Me sentí tan inseguro como Beck en aquel momento. Era como si al desdoblar mis grullas de papel, hubiera encontrado escrito algo que me resultara completamente ajeno. En algún momento, la esperanza se había quedado atrapada entre los pliegues de uno de aquellos pájaros. Llevaba toda la vida pensando que esta era mi historia: «Érase una vez un niño que tuvo que arriesgarlo todo para conservar lo que amaba». Pero en realidad era otra: «Érase una vez un niño cuyo miedo lo devoró».

Ya estaba harto de tener miedo. Mi liberación había empezado la noche en que me había metido con mi guitarra en la bañera, y pasaba por transformarme de nuevo en lobo. No iba a tener miedo.

—Maldita sea —musitó Beck.

El calor estaba dejando de hacerle efecto.
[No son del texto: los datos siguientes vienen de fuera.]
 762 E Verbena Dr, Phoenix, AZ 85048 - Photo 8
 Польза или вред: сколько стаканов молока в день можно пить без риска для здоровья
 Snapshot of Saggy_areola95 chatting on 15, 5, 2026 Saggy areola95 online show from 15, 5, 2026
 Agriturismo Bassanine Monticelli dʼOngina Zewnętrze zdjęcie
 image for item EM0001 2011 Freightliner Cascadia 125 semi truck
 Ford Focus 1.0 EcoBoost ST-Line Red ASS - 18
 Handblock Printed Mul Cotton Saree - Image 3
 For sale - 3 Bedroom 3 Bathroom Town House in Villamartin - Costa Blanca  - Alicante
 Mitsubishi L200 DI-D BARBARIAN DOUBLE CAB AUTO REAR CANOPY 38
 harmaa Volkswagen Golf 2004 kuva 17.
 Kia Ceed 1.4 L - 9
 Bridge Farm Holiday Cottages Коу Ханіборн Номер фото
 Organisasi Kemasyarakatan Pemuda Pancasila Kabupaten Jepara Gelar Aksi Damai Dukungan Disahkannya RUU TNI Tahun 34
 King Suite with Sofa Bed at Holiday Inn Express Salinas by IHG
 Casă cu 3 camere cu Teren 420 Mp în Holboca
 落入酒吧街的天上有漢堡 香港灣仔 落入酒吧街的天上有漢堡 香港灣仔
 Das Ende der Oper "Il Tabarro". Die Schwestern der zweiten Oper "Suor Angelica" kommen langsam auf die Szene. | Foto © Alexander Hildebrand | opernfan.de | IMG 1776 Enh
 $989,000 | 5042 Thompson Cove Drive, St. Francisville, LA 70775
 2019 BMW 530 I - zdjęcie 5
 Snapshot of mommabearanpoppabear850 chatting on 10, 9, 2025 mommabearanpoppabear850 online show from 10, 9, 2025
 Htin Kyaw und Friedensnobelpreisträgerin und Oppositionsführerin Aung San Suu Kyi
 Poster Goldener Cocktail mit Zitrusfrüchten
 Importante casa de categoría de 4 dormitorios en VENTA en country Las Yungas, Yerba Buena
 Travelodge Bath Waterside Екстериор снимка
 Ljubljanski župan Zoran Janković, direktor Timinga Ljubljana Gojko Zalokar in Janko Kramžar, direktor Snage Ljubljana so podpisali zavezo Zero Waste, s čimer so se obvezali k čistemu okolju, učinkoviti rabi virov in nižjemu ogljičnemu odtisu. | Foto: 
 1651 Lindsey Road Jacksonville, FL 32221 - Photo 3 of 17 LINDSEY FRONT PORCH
Nos encontrábamos otra vez frente con frente, padre e hijo, Beck y Sam, como siempre. El era todos los ángeles y todos los demonios.

—Dime que quieres que te curemos —dije.

Las puntas de los dedos se le pusieron blancas y luego rojas al apretarlas contra el suelo.

—Sí —musitó, y supe que lo estaba diciendo solo para mí—. Haz todo lo que haga falta —miró a Cole—. Cole, tú eres…

Y entonces la piel se le desgarró y yo di un salto para apartar el calefactor antes de que Beck se desplomase presa de las convulsiones.

Cole avanzó un paso y clavó una segunda aguja en la parte interior del codo de Beck.

Y en ese segundo, mientras Beck levantaba la cara sin ningún cambio en su mirada, vi mi propia cara.